## Assignment
From the records below, please print only the lines from the one containing "autorstwa John Gould" through the one containing "LOT 11 PARADISE", both included. Skip the pictures.

## Available data
▼
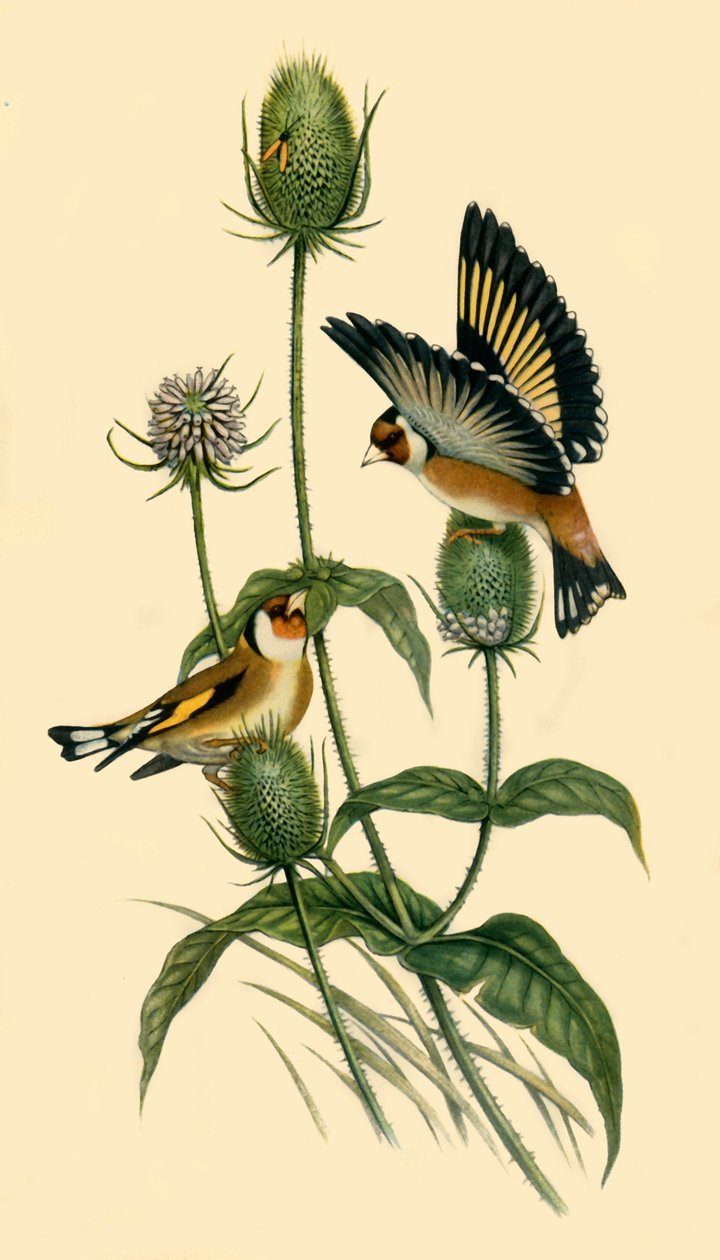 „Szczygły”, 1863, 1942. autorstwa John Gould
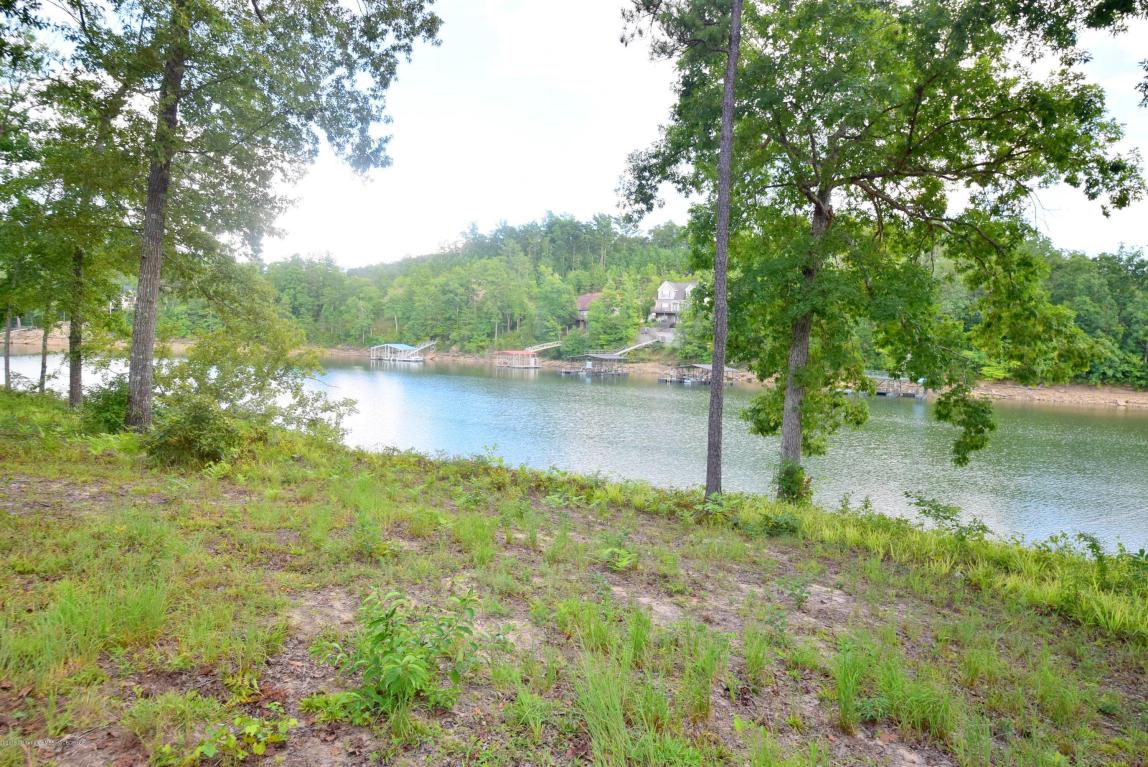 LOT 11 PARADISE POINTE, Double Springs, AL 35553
▲
▼
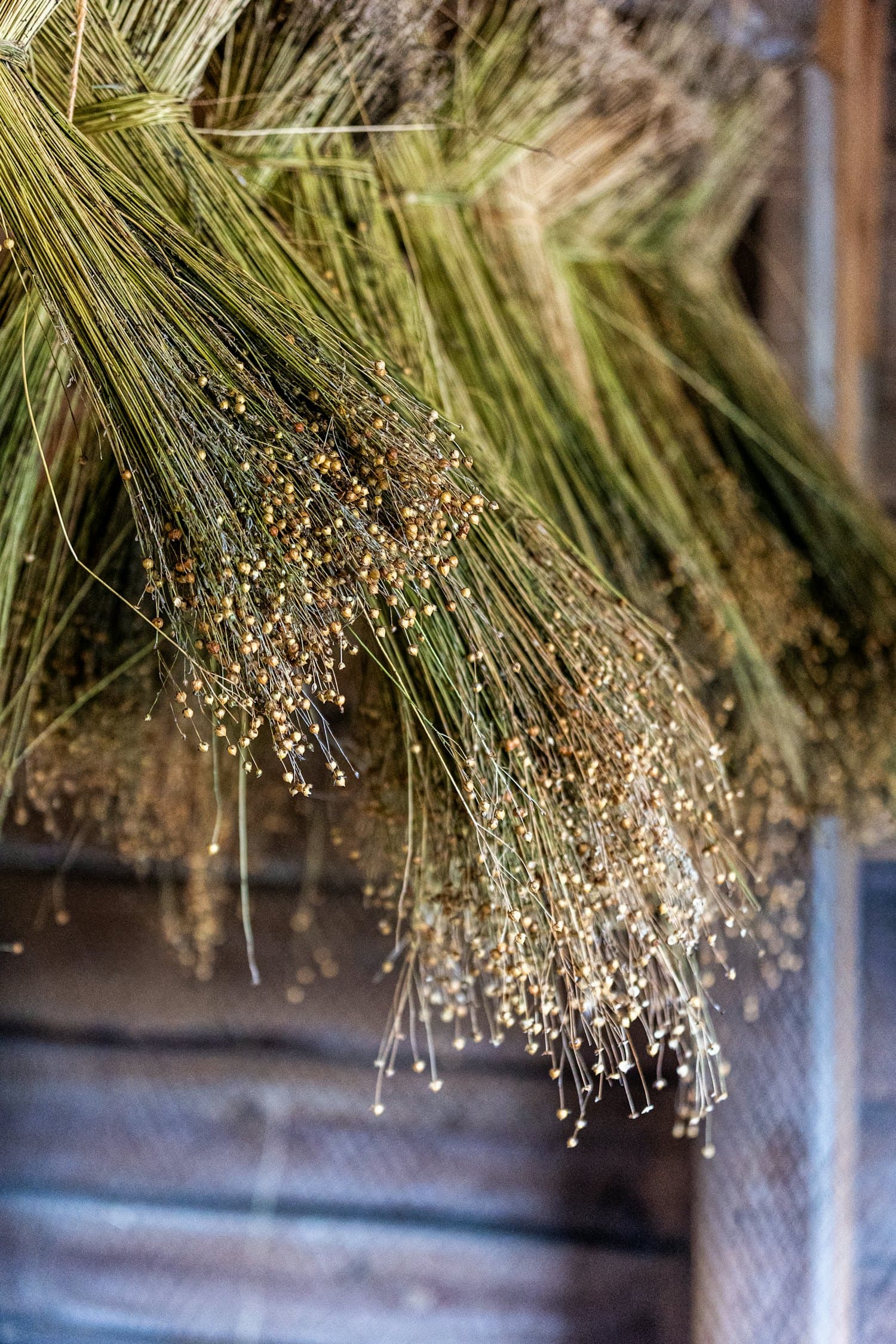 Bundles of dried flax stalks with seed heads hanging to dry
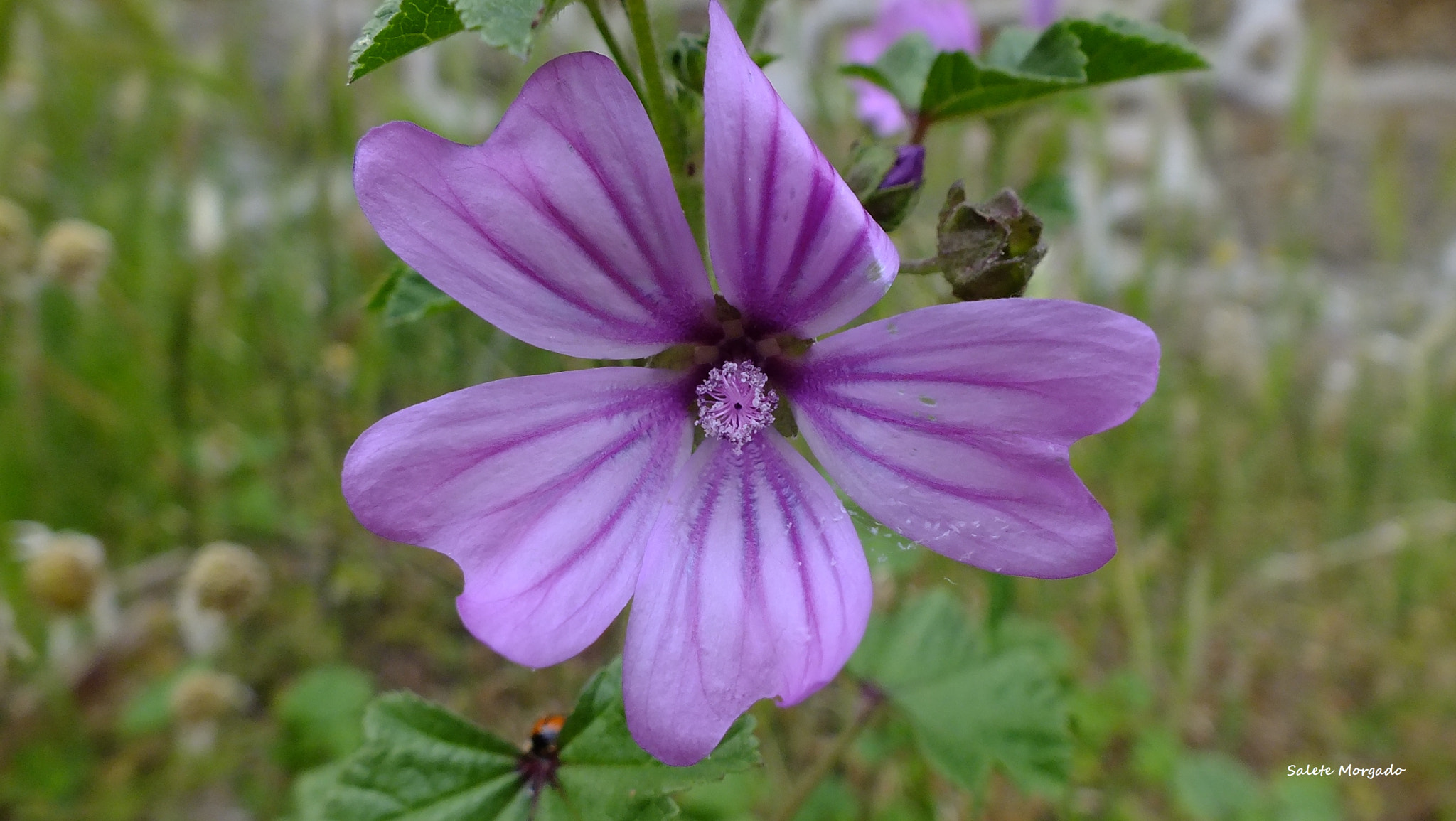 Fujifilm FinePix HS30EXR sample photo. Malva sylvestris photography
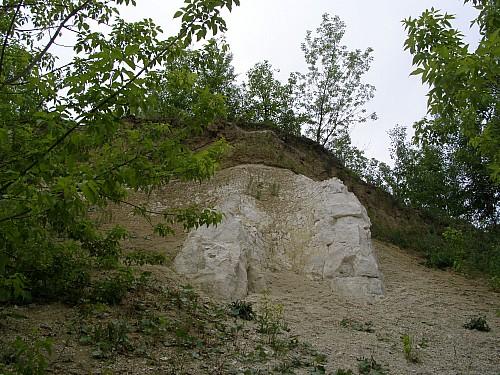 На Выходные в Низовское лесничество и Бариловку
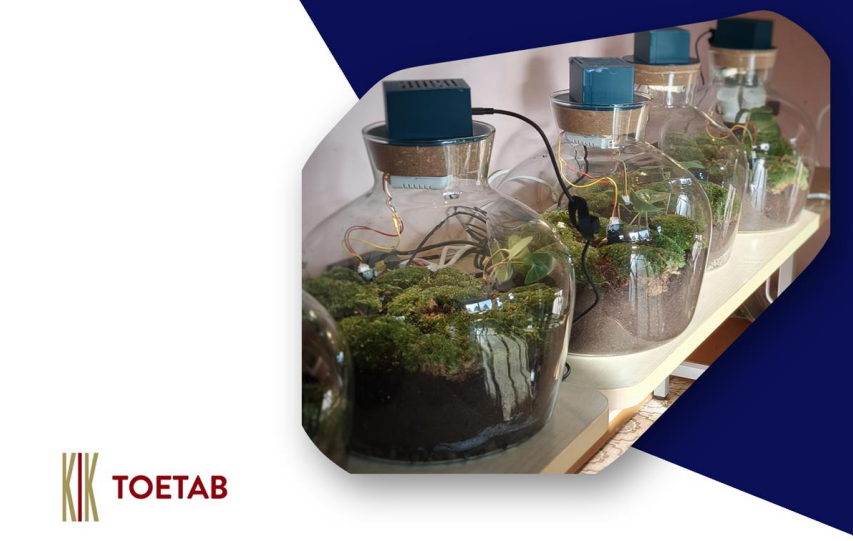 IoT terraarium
▲
▼
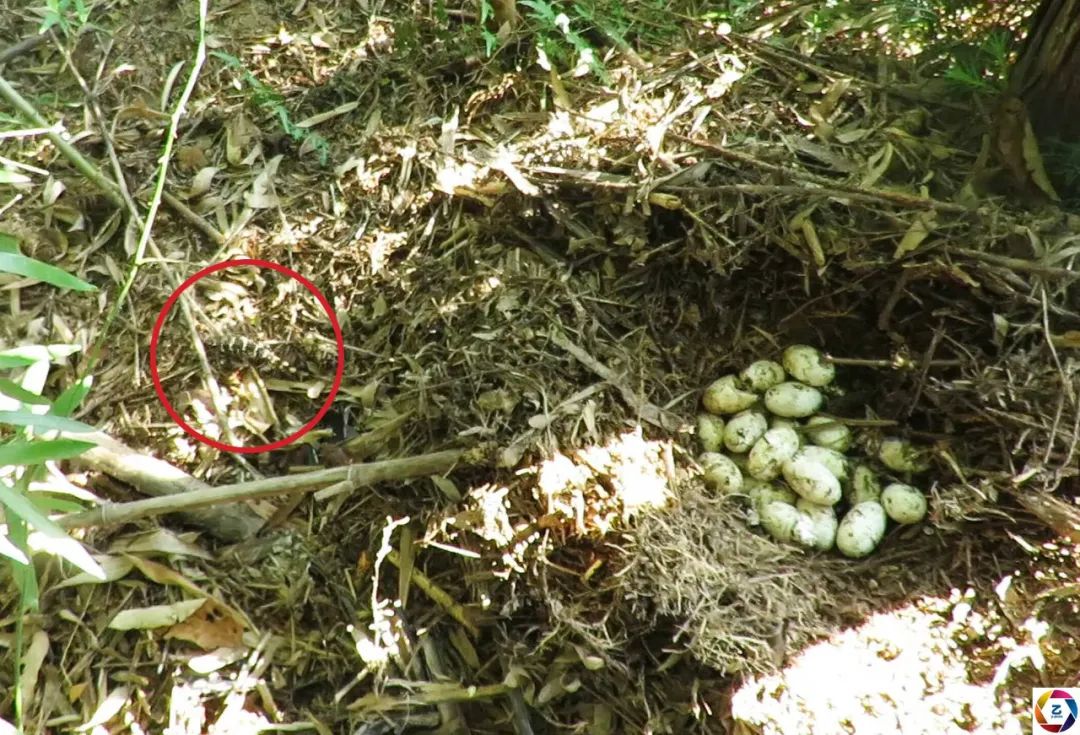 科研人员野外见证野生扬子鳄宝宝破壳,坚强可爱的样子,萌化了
▲
## Your solution
 „Szczygły”, 1863, 1942. autorstwa John Gould
 LOT 11 PARADISE POINTE, Double Springs, AL 35553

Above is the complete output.